I am thinking out loud here, but I have been viewed by my spouse as pushy where is comes to sex and affection. Perhaps because I am waiting and expecting her to respond when I say I love you, speak my love language, etc. So perhaps to her, I am pushy.

Is it possible that you link love with affection and your husband links love with something else....different love language???


----------



## Sin suerte en el Amor (Dec 18, 2011)

scione said:


> That sounds like a marriage to me.
> 
> You only think that he's not in love with you because he speaks different love language from you. You may think that showing affection is being in love. He may think that taking care of your health and well-being is in love. You two just need to have a good talk.


Thank yo u so much... that makes sense.


----------



## Sin suerte en el Amor (Dec 18, 2011)

scione said:


> That sounds like a marriage to me.
> 
> You only think that he's not in love with you because he speaks different love language from you. You may think that showing affection is being in love. He may think that taking care of your health and well-being is in love.

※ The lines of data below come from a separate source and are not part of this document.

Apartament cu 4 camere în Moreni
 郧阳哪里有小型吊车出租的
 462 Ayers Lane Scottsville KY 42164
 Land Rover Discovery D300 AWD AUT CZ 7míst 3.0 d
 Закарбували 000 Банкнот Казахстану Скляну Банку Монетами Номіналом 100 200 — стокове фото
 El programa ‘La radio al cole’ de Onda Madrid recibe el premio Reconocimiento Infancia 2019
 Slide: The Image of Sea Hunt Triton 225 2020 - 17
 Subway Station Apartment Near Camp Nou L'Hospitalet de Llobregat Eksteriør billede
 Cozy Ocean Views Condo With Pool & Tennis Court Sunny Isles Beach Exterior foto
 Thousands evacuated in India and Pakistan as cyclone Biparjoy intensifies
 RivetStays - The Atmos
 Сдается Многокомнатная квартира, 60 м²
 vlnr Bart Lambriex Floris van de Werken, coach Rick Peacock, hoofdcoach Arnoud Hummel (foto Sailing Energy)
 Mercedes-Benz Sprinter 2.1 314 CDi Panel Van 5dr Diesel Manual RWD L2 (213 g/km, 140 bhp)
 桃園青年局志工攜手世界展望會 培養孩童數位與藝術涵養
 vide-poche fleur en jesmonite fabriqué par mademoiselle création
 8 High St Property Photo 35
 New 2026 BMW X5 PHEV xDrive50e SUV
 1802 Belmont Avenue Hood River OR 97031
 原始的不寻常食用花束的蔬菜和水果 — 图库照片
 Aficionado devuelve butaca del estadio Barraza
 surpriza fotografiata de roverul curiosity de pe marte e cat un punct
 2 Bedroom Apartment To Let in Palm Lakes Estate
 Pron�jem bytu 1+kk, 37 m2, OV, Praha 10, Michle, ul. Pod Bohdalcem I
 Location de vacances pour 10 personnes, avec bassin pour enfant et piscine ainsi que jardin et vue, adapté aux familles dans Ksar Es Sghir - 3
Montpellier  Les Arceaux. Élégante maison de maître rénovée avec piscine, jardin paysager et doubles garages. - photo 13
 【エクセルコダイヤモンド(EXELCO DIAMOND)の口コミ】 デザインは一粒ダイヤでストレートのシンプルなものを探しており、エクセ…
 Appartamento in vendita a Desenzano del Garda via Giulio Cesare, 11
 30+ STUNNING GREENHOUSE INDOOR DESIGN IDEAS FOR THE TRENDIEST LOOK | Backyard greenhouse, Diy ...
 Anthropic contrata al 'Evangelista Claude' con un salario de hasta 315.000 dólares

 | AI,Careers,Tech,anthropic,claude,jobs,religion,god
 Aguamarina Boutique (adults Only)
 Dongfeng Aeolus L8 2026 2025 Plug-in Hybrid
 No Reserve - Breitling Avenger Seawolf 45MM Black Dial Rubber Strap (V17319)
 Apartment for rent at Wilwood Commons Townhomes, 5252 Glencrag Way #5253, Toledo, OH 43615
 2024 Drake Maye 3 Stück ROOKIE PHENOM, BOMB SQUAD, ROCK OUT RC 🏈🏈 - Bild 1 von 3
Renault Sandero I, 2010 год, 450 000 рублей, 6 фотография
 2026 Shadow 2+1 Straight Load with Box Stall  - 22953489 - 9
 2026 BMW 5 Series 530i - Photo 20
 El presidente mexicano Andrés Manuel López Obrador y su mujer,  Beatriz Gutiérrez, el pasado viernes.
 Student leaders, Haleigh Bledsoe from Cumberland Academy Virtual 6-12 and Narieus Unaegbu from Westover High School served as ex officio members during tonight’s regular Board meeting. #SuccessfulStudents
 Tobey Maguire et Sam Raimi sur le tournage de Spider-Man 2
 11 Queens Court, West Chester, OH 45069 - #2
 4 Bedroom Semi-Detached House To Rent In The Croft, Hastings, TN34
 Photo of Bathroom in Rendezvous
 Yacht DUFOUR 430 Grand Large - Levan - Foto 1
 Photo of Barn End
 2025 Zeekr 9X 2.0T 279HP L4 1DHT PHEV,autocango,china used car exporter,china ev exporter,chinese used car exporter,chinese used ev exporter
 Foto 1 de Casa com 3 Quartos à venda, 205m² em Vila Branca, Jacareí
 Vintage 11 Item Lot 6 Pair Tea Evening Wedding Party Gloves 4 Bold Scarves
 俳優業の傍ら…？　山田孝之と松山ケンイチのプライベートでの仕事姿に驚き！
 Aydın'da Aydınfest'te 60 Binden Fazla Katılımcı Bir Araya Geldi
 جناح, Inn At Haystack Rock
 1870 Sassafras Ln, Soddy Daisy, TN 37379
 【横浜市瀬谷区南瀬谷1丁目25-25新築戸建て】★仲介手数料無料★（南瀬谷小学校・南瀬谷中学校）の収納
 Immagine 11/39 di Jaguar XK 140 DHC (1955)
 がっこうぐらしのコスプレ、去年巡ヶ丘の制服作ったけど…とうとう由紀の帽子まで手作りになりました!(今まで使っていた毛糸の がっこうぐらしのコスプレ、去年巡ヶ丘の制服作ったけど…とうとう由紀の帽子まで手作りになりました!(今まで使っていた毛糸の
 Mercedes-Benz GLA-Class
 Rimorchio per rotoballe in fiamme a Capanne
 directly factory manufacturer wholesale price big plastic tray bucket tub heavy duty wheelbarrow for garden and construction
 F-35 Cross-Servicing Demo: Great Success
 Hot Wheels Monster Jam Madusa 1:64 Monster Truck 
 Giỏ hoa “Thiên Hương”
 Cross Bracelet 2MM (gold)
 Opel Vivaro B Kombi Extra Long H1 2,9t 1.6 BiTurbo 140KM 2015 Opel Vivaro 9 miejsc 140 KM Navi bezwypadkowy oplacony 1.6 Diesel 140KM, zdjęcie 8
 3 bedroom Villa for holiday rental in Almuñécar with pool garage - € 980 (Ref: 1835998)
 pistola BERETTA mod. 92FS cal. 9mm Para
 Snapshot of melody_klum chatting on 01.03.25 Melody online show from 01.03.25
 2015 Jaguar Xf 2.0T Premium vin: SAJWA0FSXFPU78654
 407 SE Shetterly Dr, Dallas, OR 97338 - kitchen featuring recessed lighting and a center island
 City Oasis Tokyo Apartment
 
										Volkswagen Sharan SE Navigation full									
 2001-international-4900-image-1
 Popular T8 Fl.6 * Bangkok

You two just need to have a good talk.





s.k said:


> Maybe you could try cuddle him and hold hands see what his reaction is if his distant then talk to him find out what his feeling and tell him what your feeling


I do cuddle with him, he's not distant when I do it, I guess I was just concerne because he hardly ever initiates it.


----------



## Sin suerte en el Amor (Dec 18, 2011)

RP49D22 said:


> I think that Scione has a point and in fact there is a book about 5 different love languages.
> 
> As a husband, I am in the same boat as you...my wife seems to love me (we've had our problems no doubt), but doesn't seem to be in love with me....or so it seems. The more soul searching I do, the more I realize that I might say "I love you" a half dozen times a day because I am affectionate....that's my love language. She is less affectionate, but that doesn't mean she doesn't love me....perhaps she speaks a different love language.
> 
> ...


Thank you, I will look up that book, maybe that will help me understand my hubby's love language...


----------



## SimplyAmorous (Nov 25, 2009)

I did a thread on this - also a newer one below just started a little while ago. Book link and Love Languages tests in these links :

http://talkaboutmarriage.com/genera...-languages-how-does-affect-your-marraige.html

http://talkaboutmarriage.com/general-relationship-discussion/36270-five-love-languages.html


----------



## WhyinSC (Dec 16, 2011)

Thank goodness your post is not about anyone fed up and leaving or separating! You are in a great place to fix this. Trust me it totally sucks trying to fix anything once someone is "done".

So anyway, like the others have said get the five love languages book.
But an even better one(in my opinion) that helps both sides get straight to the matter of treatment and what is expected in the relationship is "His needs, Her needs".... look it up. Helped me quite a bit.


----------



## I'mInLoveWithMyHubby (Nov 7, 2011)

I, too, love affection. I did have a discussion with my husband and ever since we hold hands(even at home), snuggle, kiss, hugging/touching. 

I've noticed the affection increases when the sex is frequent. I need that too. My husband feels the same way. It all boils down to communication. You both need to communicate your needs to one another. I'm sure he has no idea you need these things from him unless you straight out tell him. Hints don't work well, I already tried that.
_Posted via Mobile Device_


----------



## Sin suerte en el Amor (Dec 18, 2011)

WhyinSC said:


> Thank goodness your post is not about anyone fed up and leaving or separating! You are in a great place to fix this. Trust me it totally sucks trying to fix anything once someone is "done".
> 
> So anyway, like the others have said get the five love languages book.
> But an even better one(in my opinion) that helps both sides get straight to the matter of treatment and what is expected in the relationship is "His needs, Her needs".... look it up. Helped me quite a bit.


Thank you, I just ordered the five love languages book, I can't wait to get it, I also took the test and aske dmy hubby to take them too. It was very helpful. I will definitely look into that one. Thanks again.


----------



## Sin suerte en el Amor (Dec 18, 2011)

I'mInLoveWithMyHubby said:


> I, too, love affection. I did have a discussion with my husband and ever since we hold hands(even at home), snuggle, kiss, hugging/touching.
> 
> I've noticed the affection increases when the sex is frequent. I need that too. My husband feels the same way. It all boils down to communication. You both need to communicate your needs to one another. I'm sure he has no idea you need these things from him unless you straight out tell him. Hints don't work well, I already tried that.
> _Posted via Mobile Device_


I feel you girl... I have seen a difference in him since he we took the five love languages assesment test... and I like it... girl, my Hubby loves sex and his affectionate during it too... I jsut wish he's alawys affectionate, not just during sex.  but like I said, things are getting better. I can't wait to get the book. Thanks again.


----------